Jai Vipra works at the Centre for Applied Law and Technology Research, Vidhi Centre for Legal Policy, with a focus on digitalisation and development in the Global South. Ameen Jauhar is a senior resident fellow leading the Centre for Applied Law & Technology Research. His work focuses on law and policy issues around data governance, internet and cyber regulation, and AI ethics in India.Â
Overview: The Centre for Applied Law & Technology Research (ALTR) which is part of the Vidhi Centre for Legal Policy, recently published its third and final working paper in a three part series. The objective behind this working papers’ series is to discuss how facial recognition (FRT) is being deployed at the state level by local law enforcement. India joins a growing number of countries across the globe aiming to integrate emerging technologies into state surveillance apparatuses, in the midst of increasing concerns around its legal, ethical, and social ramifications.
Introduction
Our working papers covered three distinctive themes –
- Working Paper 1 discusses the risks posed by FRT in the India context, deriving from global literature covering these issues in different jurisdictions. Specifically, the paper identifies three broad categories of risks associated with the use of FRT in law enforcement, namely, legal and constitutional issues, ethical risks, and problems for the criminal justice system.
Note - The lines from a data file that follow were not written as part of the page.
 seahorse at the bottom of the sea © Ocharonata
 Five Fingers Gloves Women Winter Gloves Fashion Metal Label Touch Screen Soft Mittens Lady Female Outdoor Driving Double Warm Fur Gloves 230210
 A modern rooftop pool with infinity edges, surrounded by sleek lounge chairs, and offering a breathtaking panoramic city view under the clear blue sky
- Working Paper 2 was an empirical case study of how FRT is likely to affect citizens in the Indian capital of Delhi. The paper reviewed through a spatial analysis of existing CCTVs to determine how FRT integrated into these systems will put a higher risk of surveillance against vulnerable populations of the city, especially Muslim inhabited areas.
- Working Paper 3 titled Procurement of Facial Recognition Technology for Law Enforcement in India: Legal and Social Implications of the Private Sector’s Involvement deals with a relatively underexplored issue in the larger ethical discourse around the use of FRT. It explores how state agencies, particularly law enforcement bodies, procure such technology from private corporations. The role of the private sector in the Indian context is quite opaque and raises several red flags which have been examined in this final paper of the series.
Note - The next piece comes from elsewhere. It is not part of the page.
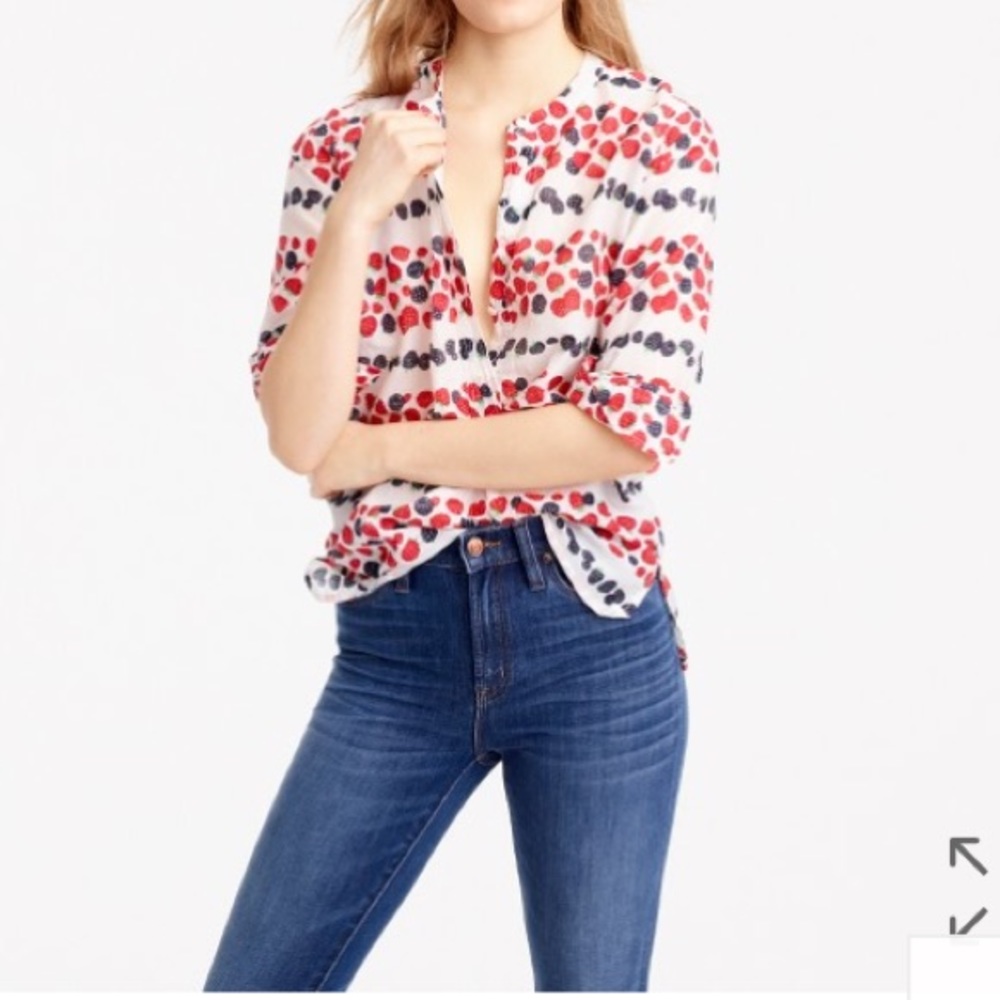 NWT JCrew Cotton-silk voile popover in berry print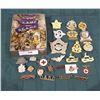Image 1 : BOX LOT OF MISC ARMY BADGES, POST OFFICE BADGES, BUTTONS ETC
The post aims to provide a concise overview of the papers, and conclude with some thoughts on how the conversation around use of FRT in India can be developed from a regulatory perspective.
Working Paper 1: Indian law enforcement’s ongoing use of automated facial recognition technology – Ethical risks and legal challenges
The rapid growth in the Indian AI industry has also triggered concerns around its risks. Arguably, FRT as a surveillance technology has become the most visible conflict to India’s commitment of adopting responsible and safe AI. Both internationally and within India, the rapid deployment of FRT by law enforcement agencies, for seemingly surveillance and security purposes, have raised concerns. These can broadly be categorized into a). Legal and constitutional issues; b). Ethical risks; and c). Problems for the criminal justice system in India.
Legal and constitutional risks: Foremost among these is the risk that FRT poses to an individual’s privacy. The right to privacy has been read as a fundamental right by the Indian Supreme Court, guaranteed by the Indian Constitution. It entails a person to have autonomy over how her data is collected, if it is to be collected, and how it is processed and shared. However, with the 1:many form of live facial recognition, which is typically deployed in surveillance and monitoring formats, most such systems will counteract such informational autonomy. Further stemming from this is the potential violation of due process. Basically, with local police having unbridled (and often arbitrary) authority to use this technology in the absence of any legal safeguards, there is quite likely going to be an Executive overreach, resulting in local police targeting people, or certain stratas of society, and eroding the procedural due process that is also guaranteed in any criminal investigation or trial by the Indian Constitution. All in all, such unregulated application can have a chilling effect on the freedom of speech and expression. Already, there have been reports of local police forces in Delhi using sophisticated FRT to surveill and target protestors. It is a considerable function creep given that these technologies were originally designed for the limited (and self-claimed) use of locating missing children in the national capital.
Ethical risks around FRT: FRT also poses certain ethical risks like biased and inaccurate results, as well as lack of transparency, both in the underlying algorithms and the process of procuring such technologies by law enforcement.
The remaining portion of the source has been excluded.